En Nihayetinde
Dışarıda karanlık, kasvetli bir hava varken düşen kar taneleri içimi ısıtıyor.
Mutlu olmaya bu kadar yaklaşmışken, seni doğururken çektiğim tüm acıları unutup kucağıma aldığımda, yüzünü gördüğümde, benden, bizden daha mutlu hiç kimse olamaz diye düşünürken sen morarmaya başladın.
O kısacık anda yaşanan büyük mutluluk, tüm bir yaşama yeter dercesine hayatımızdan çıkıp gittin.

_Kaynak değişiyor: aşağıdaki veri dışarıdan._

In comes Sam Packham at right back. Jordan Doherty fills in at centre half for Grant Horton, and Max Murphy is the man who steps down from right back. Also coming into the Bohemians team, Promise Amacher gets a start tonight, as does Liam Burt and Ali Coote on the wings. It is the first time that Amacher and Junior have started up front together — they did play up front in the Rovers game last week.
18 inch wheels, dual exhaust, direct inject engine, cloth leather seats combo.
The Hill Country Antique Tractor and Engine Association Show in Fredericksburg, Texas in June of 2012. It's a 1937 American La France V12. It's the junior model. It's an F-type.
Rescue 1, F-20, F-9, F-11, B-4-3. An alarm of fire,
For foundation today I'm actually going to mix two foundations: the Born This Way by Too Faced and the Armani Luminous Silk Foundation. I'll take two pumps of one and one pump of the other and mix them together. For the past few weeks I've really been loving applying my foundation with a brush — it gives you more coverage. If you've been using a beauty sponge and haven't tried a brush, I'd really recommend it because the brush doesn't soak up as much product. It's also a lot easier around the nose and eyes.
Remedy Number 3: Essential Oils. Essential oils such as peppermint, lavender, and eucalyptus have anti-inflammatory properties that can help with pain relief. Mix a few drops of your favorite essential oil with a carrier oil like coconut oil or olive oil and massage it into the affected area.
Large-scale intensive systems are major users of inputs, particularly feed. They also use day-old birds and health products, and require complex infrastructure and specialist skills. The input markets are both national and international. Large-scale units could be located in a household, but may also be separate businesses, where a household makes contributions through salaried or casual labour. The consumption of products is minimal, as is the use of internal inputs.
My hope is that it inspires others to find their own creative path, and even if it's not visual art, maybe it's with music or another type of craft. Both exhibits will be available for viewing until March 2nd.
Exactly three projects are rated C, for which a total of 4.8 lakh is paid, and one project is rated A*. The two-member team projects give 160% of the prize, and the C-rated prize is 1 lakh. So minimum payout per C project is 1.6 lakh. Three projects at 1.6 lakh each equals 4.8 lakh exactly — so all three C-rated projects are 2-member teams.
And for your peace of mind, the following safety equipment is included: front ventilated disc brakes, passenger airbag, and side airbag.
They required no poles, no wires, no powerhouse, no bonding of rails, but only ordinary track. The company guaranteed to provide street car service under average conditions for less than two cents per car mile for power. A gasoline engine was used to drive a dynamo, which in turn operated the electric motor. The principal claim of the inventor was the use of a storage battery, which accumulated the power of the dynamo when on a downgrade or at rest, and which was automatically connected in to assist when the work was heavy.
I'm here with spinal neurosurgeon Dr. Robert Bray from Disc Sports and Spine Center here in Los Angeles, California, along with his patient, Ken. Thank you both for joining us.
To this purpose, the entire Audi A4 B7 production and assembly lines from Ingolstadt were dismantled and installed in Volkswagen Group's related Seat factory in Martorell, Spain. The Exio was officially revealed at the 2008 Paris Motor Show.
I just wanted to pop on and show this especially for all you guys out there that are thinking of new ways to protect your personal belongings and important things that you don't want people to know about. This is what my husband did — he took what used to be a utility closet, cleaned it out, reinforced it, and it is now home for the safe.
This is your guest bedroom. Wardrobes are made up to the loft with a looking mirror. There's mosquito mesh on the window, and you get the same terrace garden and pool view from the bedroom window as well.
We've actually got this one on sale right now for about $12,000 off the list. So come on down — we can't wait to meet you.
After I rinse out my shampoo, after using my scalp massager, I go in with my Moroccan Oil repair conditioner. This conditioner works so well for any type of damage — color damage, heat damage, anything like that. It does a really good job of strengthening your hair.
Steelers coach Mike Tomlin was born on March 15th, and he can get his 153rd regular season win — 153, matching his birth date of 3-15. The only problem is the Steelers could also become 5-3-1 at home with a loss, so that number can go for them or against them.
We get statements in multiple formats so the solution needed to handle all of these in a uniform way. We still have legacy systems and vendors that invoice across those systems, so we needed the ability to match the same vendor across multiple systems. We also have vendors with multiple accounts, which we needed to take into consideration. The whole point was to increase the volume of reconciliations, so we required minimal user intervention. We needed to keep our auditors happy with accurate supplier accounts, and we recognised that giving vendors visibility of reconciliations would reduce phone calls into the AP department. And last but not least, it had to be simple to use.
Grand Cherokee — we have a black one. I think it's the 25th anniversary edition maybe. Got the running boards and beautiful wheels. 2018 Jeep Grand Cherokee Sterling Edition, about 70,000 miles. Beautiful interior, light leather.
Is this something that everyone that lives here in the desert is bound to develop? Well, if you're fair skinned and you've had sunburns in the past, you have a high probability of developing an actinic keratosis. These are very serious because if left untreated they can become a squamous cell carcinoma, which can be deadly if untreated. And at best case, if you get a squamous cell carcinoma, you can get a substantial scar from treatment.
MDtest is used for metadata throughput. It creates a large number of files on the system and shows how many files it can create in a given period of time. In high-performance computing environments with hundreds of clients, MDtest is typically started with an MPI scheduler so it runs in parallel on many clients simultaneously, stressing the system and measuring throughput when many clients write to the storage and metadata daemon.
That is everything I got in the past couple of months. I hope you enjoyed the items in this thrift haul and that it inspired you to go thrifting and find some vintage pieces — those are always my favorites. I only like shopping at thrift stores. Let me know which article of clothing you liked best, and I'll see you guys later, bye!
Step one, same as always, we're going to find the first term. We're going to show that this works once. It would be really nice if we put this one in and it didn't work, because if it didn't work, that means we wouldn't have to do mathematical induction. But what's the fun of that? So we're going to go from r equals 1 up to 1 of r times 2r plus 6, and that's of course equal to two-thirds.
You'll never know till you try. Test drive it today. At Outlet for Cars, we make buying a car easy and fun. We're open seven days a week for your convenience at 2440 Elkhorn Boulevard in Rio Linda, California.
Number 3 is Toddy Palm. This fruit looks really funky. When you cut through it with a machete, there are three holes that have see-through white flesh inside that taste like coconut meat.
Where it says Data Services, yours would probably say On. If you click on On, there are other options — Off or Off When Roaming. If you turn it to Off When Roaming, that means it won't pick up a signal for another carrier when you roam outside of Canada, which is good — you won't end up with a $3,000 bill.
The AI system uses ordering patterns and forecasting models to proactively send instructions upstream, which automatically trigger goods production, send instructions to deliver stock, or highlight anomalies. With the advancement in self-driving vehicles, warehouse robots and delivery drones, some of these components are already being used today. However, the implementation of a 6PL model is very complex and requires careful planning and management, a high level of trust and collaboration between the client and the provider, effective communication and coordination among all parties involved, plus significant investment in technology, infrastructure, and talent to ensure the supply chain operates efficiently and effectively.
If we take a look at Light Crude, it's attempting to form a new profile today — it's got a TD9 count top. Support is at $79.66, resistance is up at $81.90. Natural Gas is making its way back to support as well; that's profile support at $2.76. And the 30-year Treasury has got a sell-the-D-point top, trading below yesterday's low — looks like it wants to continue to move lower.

İçim boşalmış gibi, dokuz aydır taşıdığım sen yoksun, duygularım yok, varoluşumun hiçbir anlamı yok. Baban ise hiçbir şey olmamış gibi davranarak beni avutacağını düşünüyor. “Ah bu erkekler, her şey onlar için ne kadar da tek düze…” Beni anlamasını ne kadar çok isterdim. Gerçekten de ister miydim? Hiç sanmıyorum. Seni nasıl tek başıma ben taşıdıysam bu acıyı da ömür boyu ben çekmeliydim.
En nihayetinde bir tek kendine tutunabiliyor, bir tek kendine sığınarak ayağa kalkabiliyor insan, sadece kendi içini ısıtan hatta yakan bazı sırları ile birlikte…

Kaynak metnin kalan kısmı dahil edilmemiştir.